FG and GIABA Urge Stakeholders to Collaborate on Anti-Money Laundering and Terror Financing Efforts

FG and GIABA Urge Stakeholders to Collaborate on Anti-Money Laundering and Terror Financing Efforts

The Federal Government of Nigeria (FG) and the Inter-Governmental Action Group against Money Laundering in West Africa (GIABA) have urged enhanced collaboration among stakeholders to tackle money laundering, terrorism financing, and related crimes across West Africa. This call came during a media workshop in Abuja, an outreach by GIABA—an ECOWAS agency focused on shielding member states’ economies from crime proceeds and terror funding. Speakers emphasized that these transnational threats demand unified action to boost public awareness and support existing initiatives.

Key figures included Attorney General Lateef Fagbemi (represented by Olubunmi Ikupolati), Information Minister Mohammad Idris, ICPC Chairman Musa Aliyu, NFIU Director Hajia Hafsat Bakari, and GIABA Director General Edwin Harris Jr. (represented by Timothy Meleye). The event highlighted Nigeria’s ongoing reforms and GIABA’s regional mandate.

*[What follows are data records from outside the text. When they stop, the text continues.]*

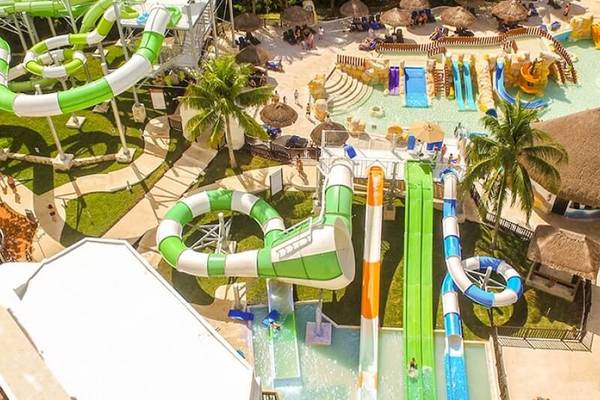 Luftaufnahme des Wasserparks im Sandos Caracol Eco Resort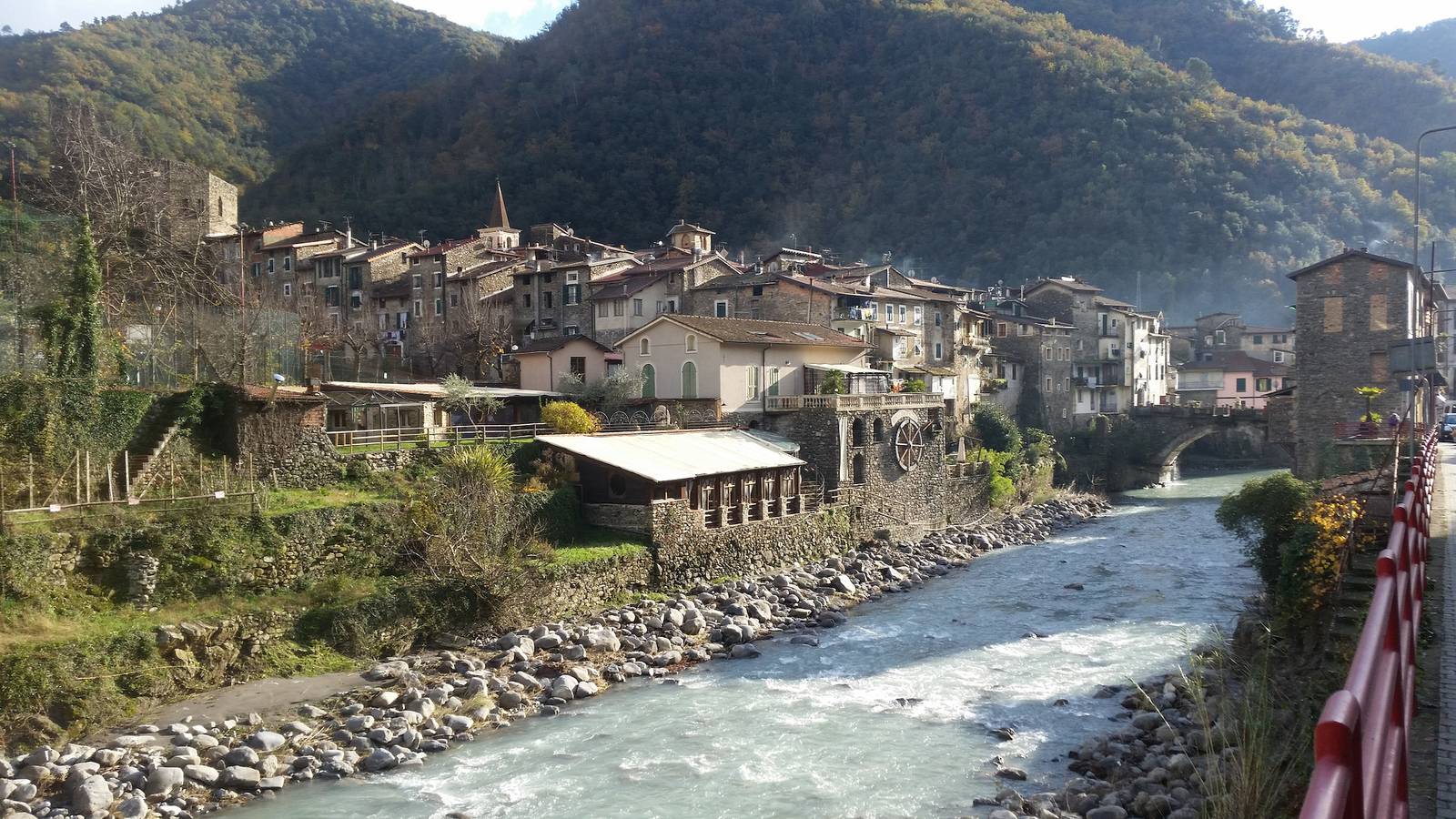 Casa Pietra in Isolabona, Alpes Ligures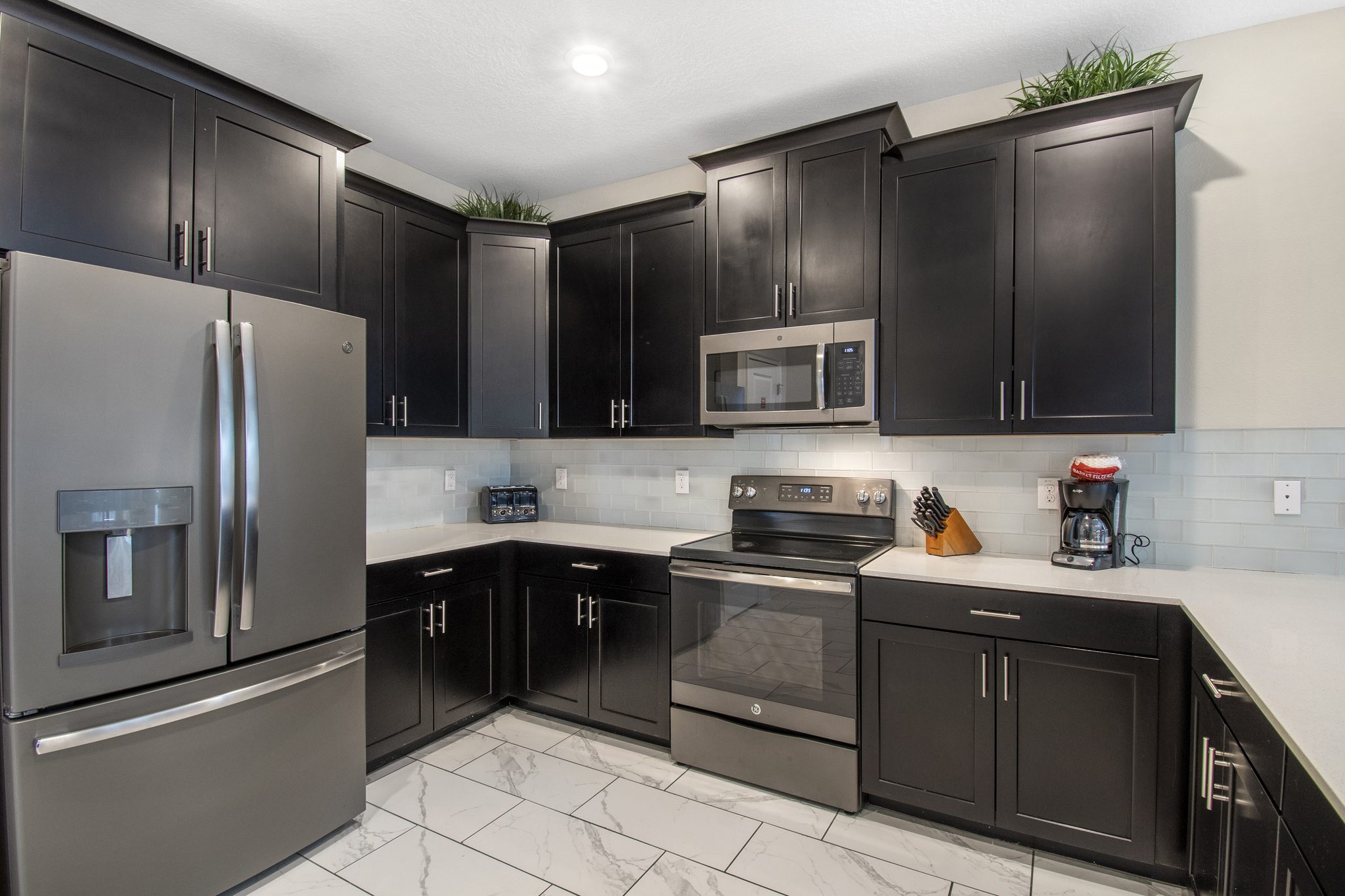 Full kitchen with complete cooking needs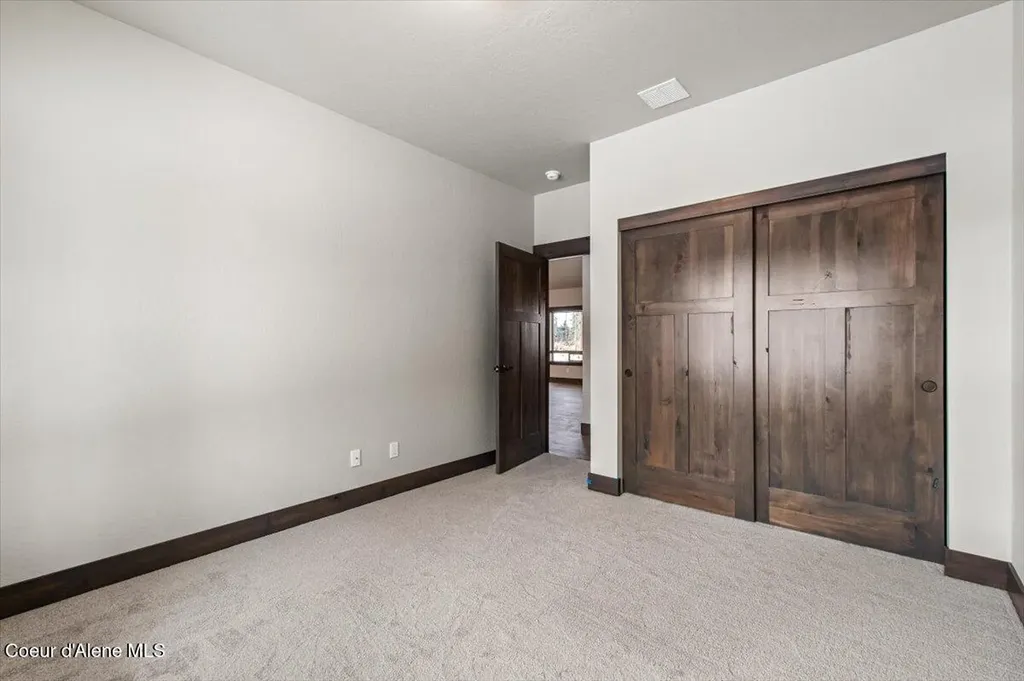 L2B8 N Eclipse Road Rathdrum ID 83858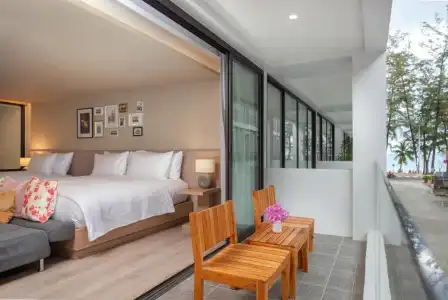 Anona Beachfront Phuket Resort - 58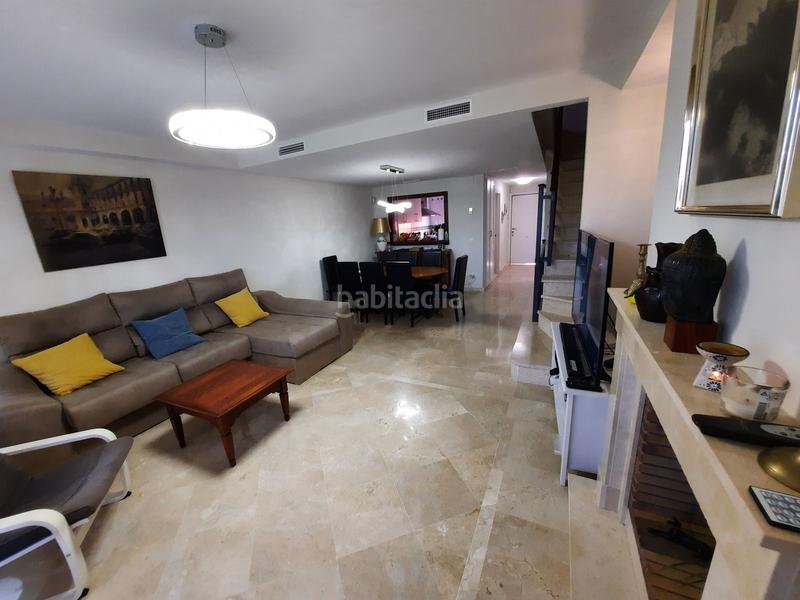 Foto 389e0c56-cb4f-47be-b635-2db413044878. Semi detached house with parking pool in Cabopino - Artola Marbella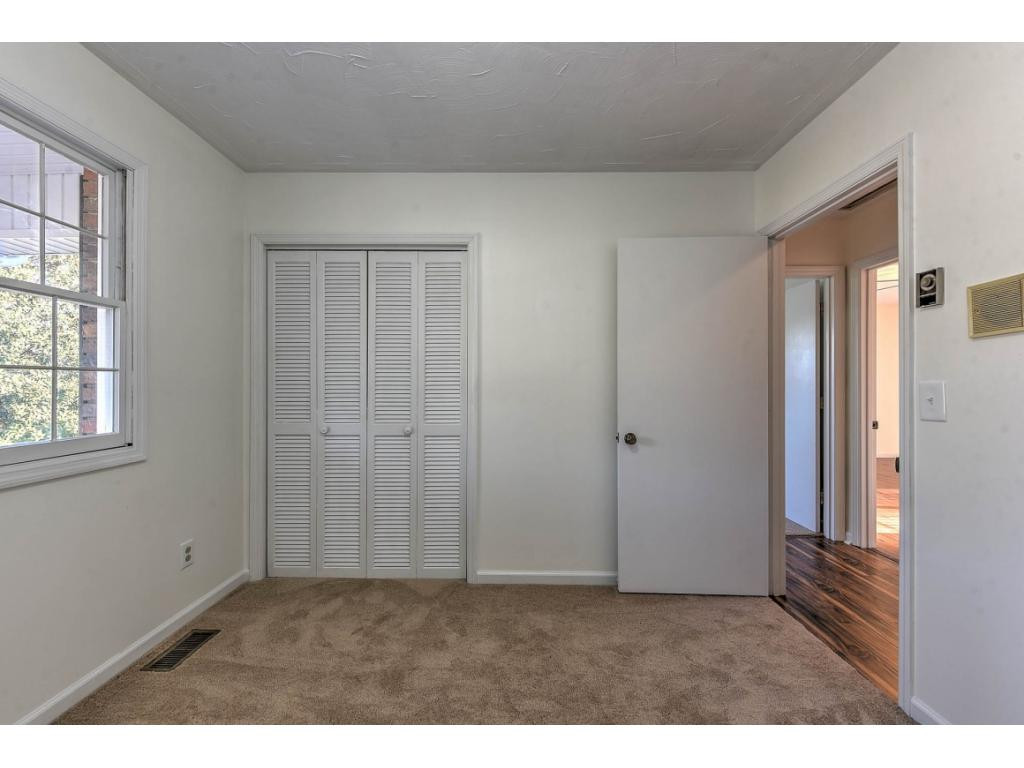 2814 Forest View Road Kingsport, TN 37660 - Photo 12 of 36 Photo 12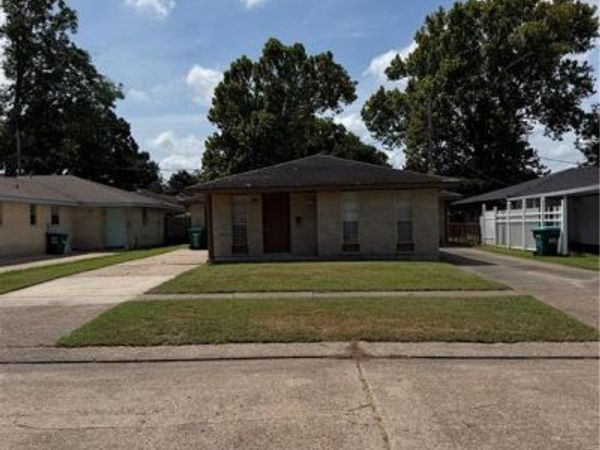 215 DUKE Drive , Kenner, LA 70065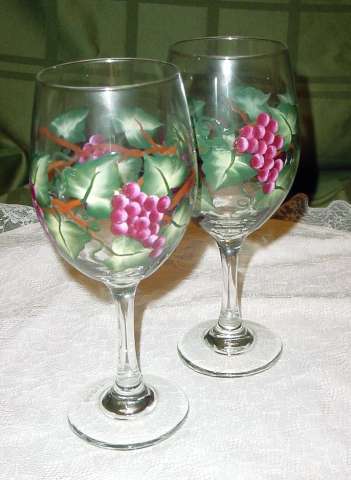 Red Grape wine glasses
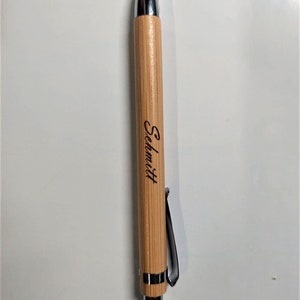 Personalisierter nachhaltiger Holz-Kugelschreiber mit Wunschgravur Werbeartikel Bild 5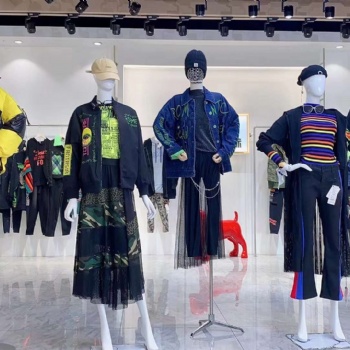時(shí)尚潮流品牌拓谷羽絨服棉衣外套連衣裙毛衣女裝庫(kù)存尾貨源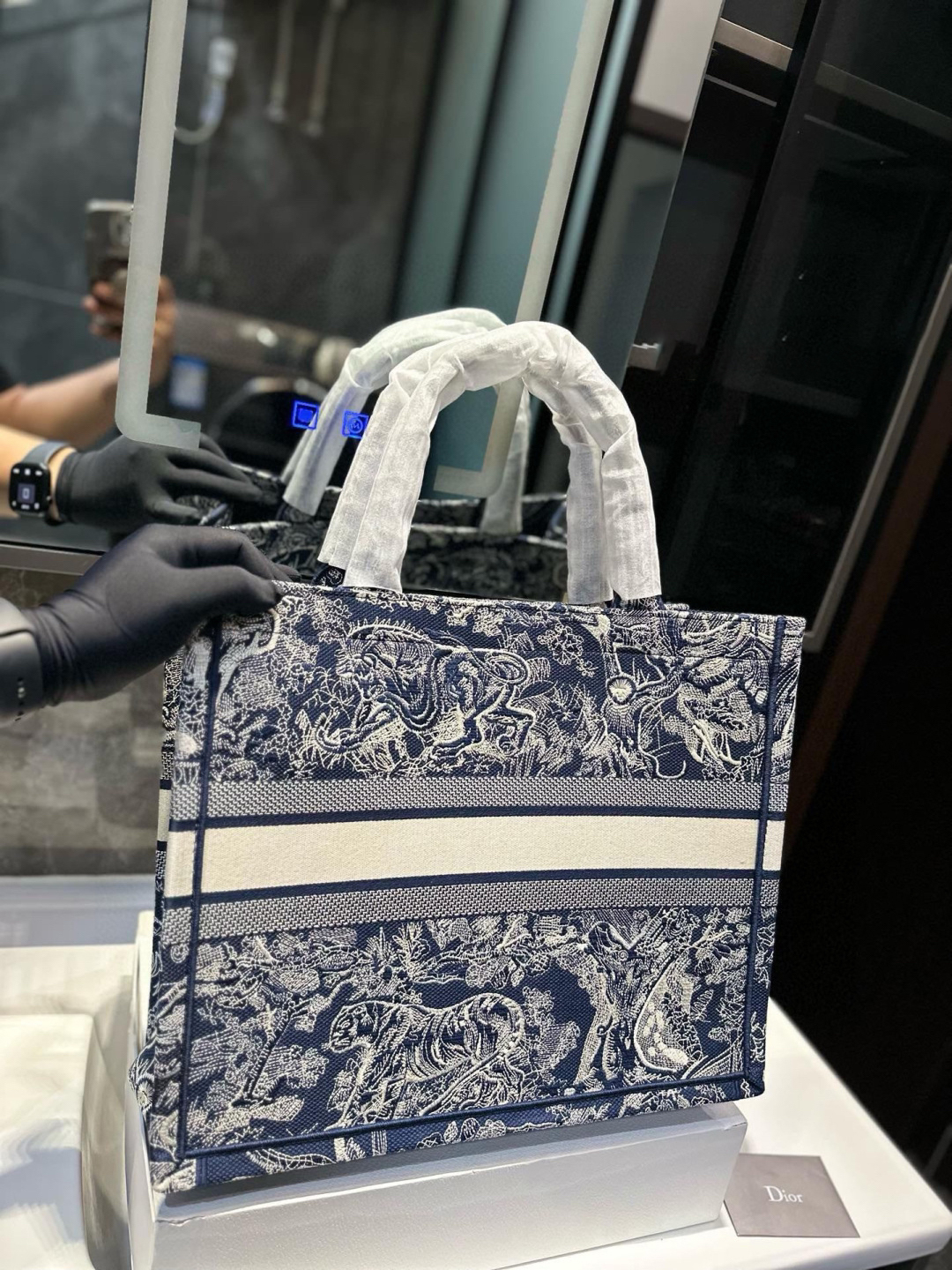 ディオール Dior Book Tote バッグ スモール、ミディアム、ラージの3つのサイズ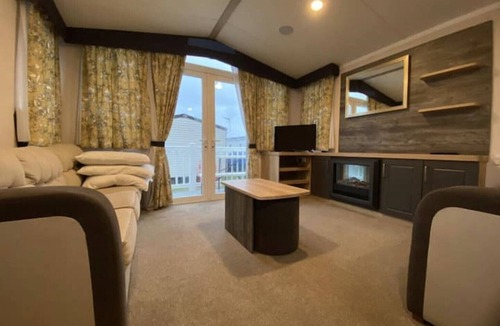 Allhallows House | Thameside 6 Sleeper
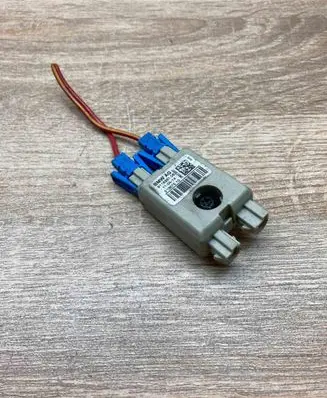 BMW 7 E65 E66 Aerial antenna amplifier 9118261 21367510 WITHPLUG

Key Statements from Leaders

Fagbemi’s representative stressed that money laundering and terror financing threaten Nigeria’s economic stability, institutional credibility, and citizen safety. “These crimes are complex, transnational, and evolving, requiring coordinated, proactive responses from all stakeholders,” Ikupolati said, noting efforts like capacity building and legal reforms aligned with global standards. Public awareness remains crucial beyond laws and enforcement.

GIABA’s Meleye, for Harris Jr., affirmed the agency’s work ensuring member states meet AML/CFT standards. “Regional efforts mean little without national commitments; we need support from authorities, ECOWAS, partners, and the public,” he stated. GIABA cannot succeed alone against criminals undermining financial systems.

ICPC’s Aliyu, via Dr. Dili Ezughah, warned of these crimes’ destabilizing impact on economies, security, and governance. They erode trust, distort markets, and hinder development, adapting via technology—necessitating stronger West African responses.

GIABA’s Regional Role

GIABA, established under ECOWAS, promotes AML/CFT standards adoption, facilitates measures implementation, and offers a forum for regional discussions. It conducts evaluations and supports FIU setups. In Nigeria, GIABA aided EFCC capacity, FATF reviews, and workshops like a 2013 prosecutors’ event on money laundering and terror financing.

Nigeria’s 2021 Mutual Evaluation Report (MER) follow-up shows progress in technical compliance, but challenges persist, including Boko Haram-related terror financing. The country faced FATF scrutiny post-2009 for deficiencies, addressed via 2011 amendments to MLPA and TPA, though full alignment lagged.

GIABA engages media, law enforcement, judiciary, financial institutions, DNFBPs, youth, women, and CSOs—not just journalists—for effective outcomes.

Nigeria’s AML/CFT Challenges

Predicate offenses like drug trafficking (e.g., NDLEA’s 227kg seizures worth N2.5bn in early 2012), oil bunkering (150,000-400,000 barrels/day stolen, $1bn monthly losses), corruption (fuel subsidy scams), fraud (419 scams, cybercrimes), human trafficking, and arms smuggling fuel ML/TF. Cash smuggling via airports persists despite declarations.

Unemployment (24%), poverty (70%), inequality enable crime glorification. Nigeria’s financial sector, with 21 banks at 40.3% GDP, sees high remittances ($20.6bn, 8.7% GDP) needing monitoring. Despite NFIU’s 5,000+ CTRs/4,000+ STRs, prosecutions lag due to capacity gaps, slow justice, and weak implementation.

Nigeria exited some FATF issues but remains high-risk; GIABA continues support.

Broader Implications

Collaboration is vital as crimes evolve with technology and borders. Media’s role in education and investigation is key, alongside multi-stakeholder training. Success demands strong institutions, national buy-in, and public vigilance to protect economies and security.